**What you should do:** Reproduce the records below exactly as given.

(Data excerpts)
──────────────────────────────

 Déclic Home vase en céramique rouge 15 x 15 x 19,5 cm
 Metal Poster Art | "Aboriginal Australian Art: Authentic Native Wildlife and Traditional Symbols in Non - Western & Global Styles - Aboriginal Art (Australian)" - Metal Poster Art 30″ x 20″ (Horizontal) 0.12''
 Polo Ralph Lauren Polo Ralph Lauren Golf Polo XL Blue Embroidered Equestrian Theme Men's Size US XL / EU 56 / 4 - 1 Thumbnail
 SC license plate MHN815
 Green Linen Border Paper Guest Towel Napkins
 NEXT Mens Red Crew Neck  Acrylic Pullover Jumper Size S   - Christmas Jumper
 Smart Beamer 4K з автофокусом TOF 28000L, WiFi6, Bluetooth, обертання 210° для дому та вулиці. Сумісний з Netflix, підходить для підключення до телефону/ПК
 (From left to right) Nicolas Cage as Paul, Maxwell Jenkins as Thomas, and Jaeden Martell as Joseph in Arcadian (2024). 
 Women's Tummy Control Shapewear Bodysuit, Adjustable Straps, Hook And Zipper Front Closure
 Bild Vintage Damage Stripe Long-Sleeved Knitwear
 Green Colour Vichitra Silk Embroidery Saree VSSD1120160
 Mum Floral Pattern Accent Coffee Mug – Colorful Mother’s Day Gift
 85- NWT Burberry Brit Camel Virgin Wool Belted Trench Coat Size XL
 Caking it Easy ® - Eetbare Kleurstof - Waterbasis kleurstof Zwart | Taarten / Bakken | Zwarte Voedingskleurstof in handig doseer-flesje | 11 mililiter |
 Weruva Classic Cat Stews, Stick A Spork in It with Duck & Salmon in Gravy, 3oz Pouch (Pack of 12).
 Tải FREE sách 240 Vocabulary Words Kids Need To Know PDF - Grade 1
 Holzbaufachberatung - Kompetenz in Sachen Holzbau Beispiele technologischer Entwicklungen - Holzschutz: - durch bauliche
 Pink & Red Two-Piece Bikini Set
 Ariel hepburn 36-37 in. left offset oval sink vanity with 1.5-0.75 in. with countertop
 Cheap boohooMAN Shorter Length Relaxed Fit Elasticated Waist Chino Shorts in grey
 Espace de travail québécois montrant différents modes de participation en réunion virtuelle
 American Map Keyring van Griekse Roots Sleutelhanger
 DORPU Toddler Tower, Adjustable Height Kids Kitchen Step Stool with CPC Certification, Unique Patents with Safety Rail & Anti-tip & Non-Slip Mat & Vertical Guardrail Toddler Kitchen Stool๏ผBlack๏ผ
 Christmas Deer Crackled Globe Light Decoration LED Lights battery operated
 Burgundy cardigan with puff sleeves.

──────────────────────────────

**Exercise solution:**
 Déclic Home vase en céramique rouge 15 x 15 x 19,5 cm
 Metal Poster Art | "Aboriginal Australian Art: Authentic Native Wildlife and Traditional Symbols in Non - Western & Global Styles - Aboriginal Art (Australian)" - Metal Poster Art 30″ x 20″ (Horizontal) 0.12''
 Polo Ralph Lauren Polo Ralph Lauren Golf Polo XL Blue Embroidered Equestrian Theme Men's Size US XL / EU 56 / 4 - 1 Thumbnail
 SC license plate MHN815
 Green Linen Border Paper Guest Towel Napkins
 NEXT Mens Red Crew Neck  Acrylic Pullover Jumper Size S   - Christmas Jumper
 Smart Beamer 4K з автофокусом TOF 28000L, WiFi6, Bluetooth, обертання 210° для дому та вулиці. Сумісний з Netflix, підходить для підключення до телефону/ПК
 (From left to right) Nicolas Cage as Paul, Maxwell Jenkins as Thomas, and Jaeden Martell as Joseph in Arcadian (2024). 
 Women's Tummy Control Shapewear Bodysuit, Adjustable Straps, Hook And Zipper Front Closure
 Bild Vintage Damage Stripe Long-Sleeved Knitwear
 Green Colour Vichitra Silk Embroidery Saree VSSD1120160
 Mum Floral Pattern Accent Coffee Mug – Colorful Mother’s Day Gift
 85- NWT Burberry Brit Camel Virgin Wool Belted Trench Coat Size XL
 Caking it Easy ® - Eetbare Kleurstof - Waterbasis kleurstof Zwart | Taarten / Bakken | Zwarte Voedingskleurstof in handig doseer-flesje | 11 mililiter |
 Weruva Classic Cat Stews, Stick A Spork in It with Duck & Salmon in Gravy, 3oz Pouch (Pack of 12).
 Tải FREE sách 240 Vocabulary Words Kids Need To Know PDF - Grade 1
 Holzbaufachberatung - Kompetenz in Sachen Holzbau Beispiele technologischer Entwicklungen - Holzschutz: - durch bauliche
 Pink & Red Two-Piece Bikini Set
 Ariel hepburn 36-37 in. left offset oval sink vanity with 1.5-0.75 in. with countertop
 Cheap boohooMAN Shorter Length Relaxed Fit Elasticated Waist Chino Shorts in grey
 Espace de travail québécois montrant différents modes de participation en réunion virtuelle
 American Map Keyring van Griekse Roots Sleutelhanger
 DORPU Toddler Tower, Adjustable Height Kids Kitchen Step Stool with CPC Certification, Unique Patents with Safety Rail & Anti-tip & Non-Slip Mat & Vertical Guardrail Toddler Kitchen Stool๏ผBlack๏ผ
 Christmas Deer Crackled Globe Light Decoration LED Lights battery operated
 Burgundy cardigan with puff sleeves.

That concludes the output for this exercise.